(Data provided Opens)

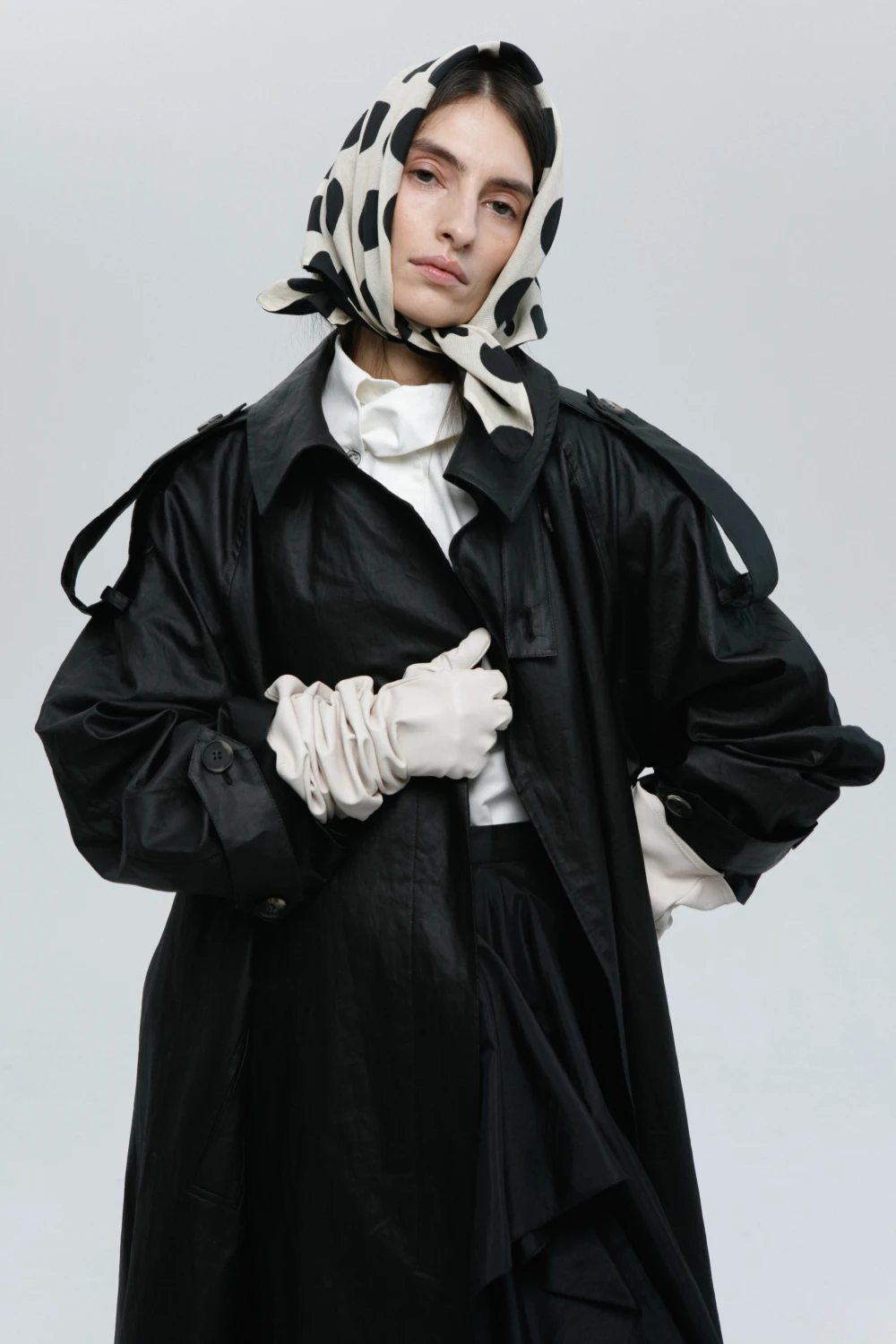 Тренч Prestol ( Цвет Чёрный )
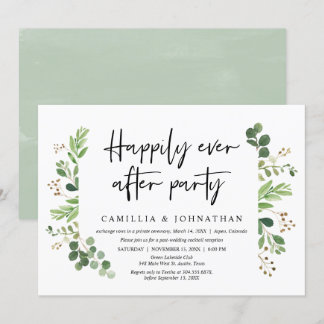 Mariage en fuite, Invitation à la fête du bonheur 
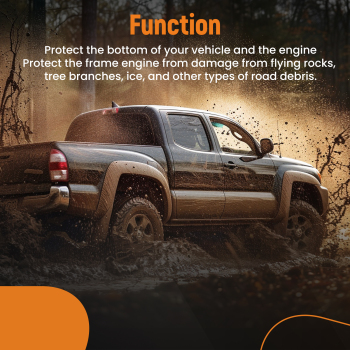 Fuel Gas Tank Skid Plate compatible for Toyota Tacoma 1995.5-2004 Fits 15 18 Gallon Tanks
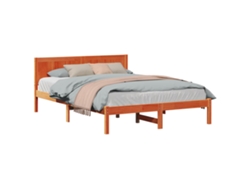 Maison Exclusive - Estructura De Cama Marrón 140 X 200 Cm Madera Maciza De Pino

(Data provided Closes)

Pictures stay out of the answer; the rest of the listing above is returned exactly.

* **Output for this exercise**
 Тренч Prestol ( Цвет Чёрный )
 Mariage en fuite, Invitation à la fête du bonheur 
 Fuel Gas Tank Skid Plate compatible for Toyota Tacoma 1995.5-2004 Fits 15 18 Gallon Tanks
 Maison Exclusive - Estructura De Cama Marrón 140 X 200 Cm Madera Maciza De Pino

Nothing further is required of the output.